Aristotle allowed for the possibility of all these logics in De Interpretatione, Chapter 9. He wrote here that when it comes to statements about the future, "it is not necessary that of every affirmation and opposite negation one should be true and the other false." (Revised Oxford translation)
Lotfi Zadeh developed a system of "fuzzy logic" using a range of truth values from 0 to 1, but distinguished it sharply from probability theory.
Alternative terms for these logics in common academic usage include deviant logic and multi-valued logic (see Haack, 'Philosophy of Logic', 1980). Not all non-classical logics fall into this class, e.g. Modal logic is a non-classical logic which, however, has only two truth values.
The concept of non-Aristotelian logic was used by A. E. van Vogt as the central theme in his The World of Null-A novels, based on his interest in Alfred Korzybski's General Semantics, stories tinged by van Vogt's reflections upon revelations of police state conditions enforced by totalitarian regimes after World War II.

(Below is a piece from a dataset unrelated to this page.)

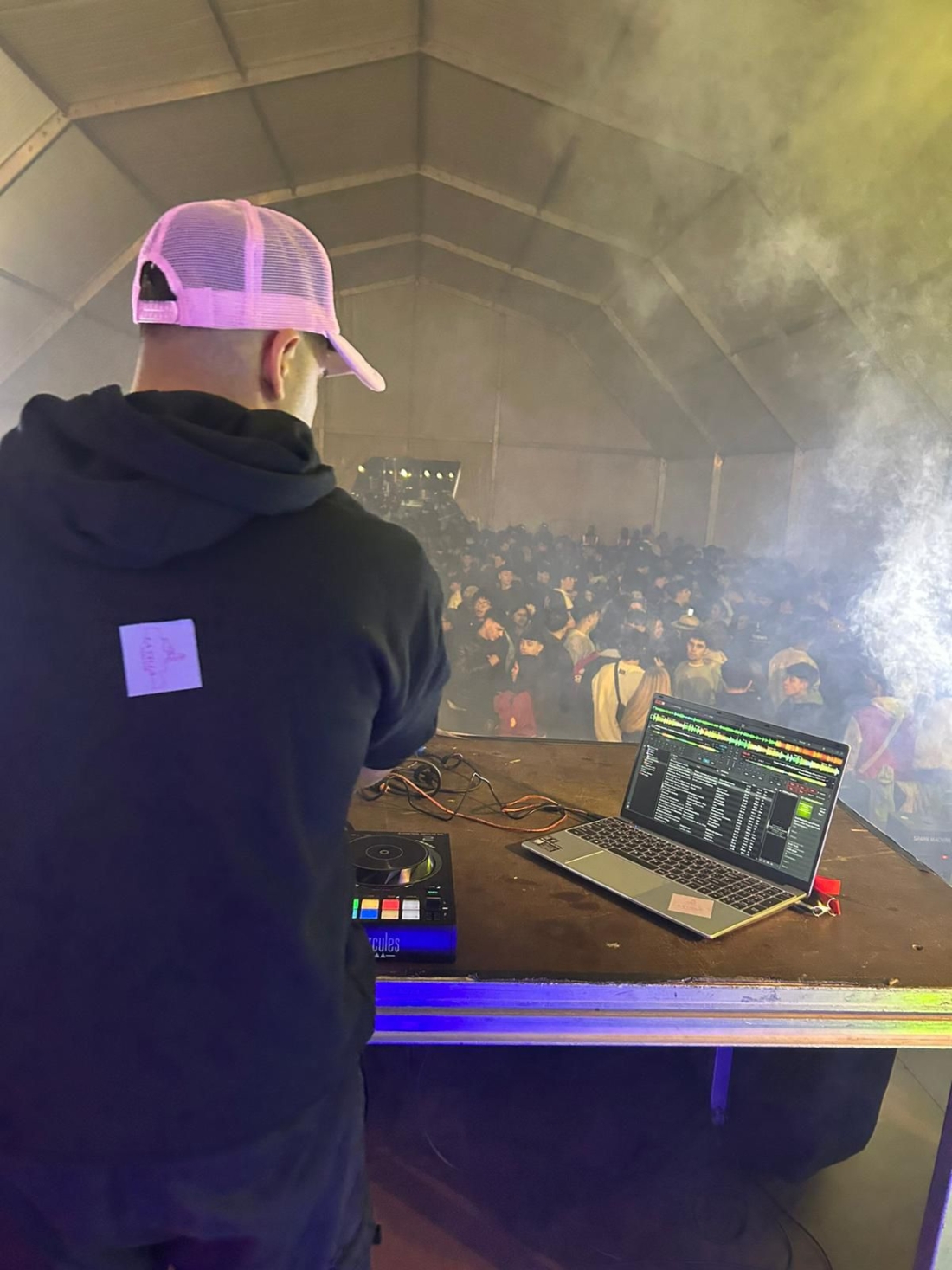 ACCESO CARPA DISCOMOVIL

Van Vogt generally shortened non-Aristotelian logic to null-A in his description of logic systems incorporating three or more values, to represent relatively 'subjective' conclusions from inductive logic, rather than relying strictly on the binary, deductive reasoning. The null-A concept as depicted by van Vogt is complementary to Aristotle's system of two-valued, true/false logic, i.e., "A is either B, or it is not B."

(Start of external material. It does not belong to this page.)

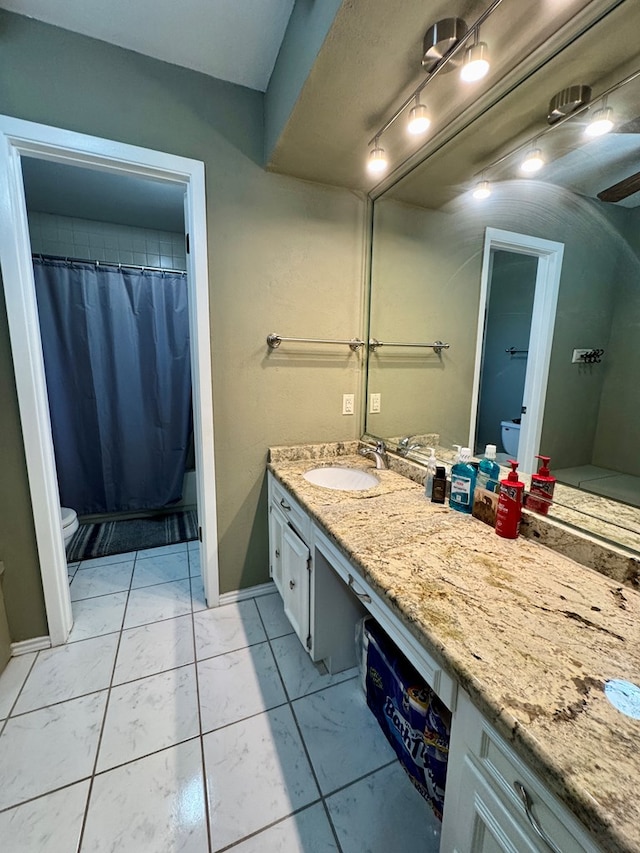 5214 Green Valley Trl, San Angelo, TX 76904 - full bathroom with vanity and a shower with curtain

Van Vogt's portrayals of General Semantics in sci-fi stories (wherein heroic characters struggled against incrementally stemwinding tactics used by minions of authoritarian entities), was somewhat different from its originator's, as Korzybski developed and described General Semantics not as a 'logic', but as a non-Aristotelian system of evaluation. On the other hand, van Vogt also depicted General Semantics as a method of evaluation used to analyze the reasoning of others. Protagonists in van Vogt's science fiction novels typically used null-A reasoning in almost dream-like settings to outwit villains who relied almost exclusively upon decision-tree, algorithmic reasoning, akin to the use of Aristotelian logic.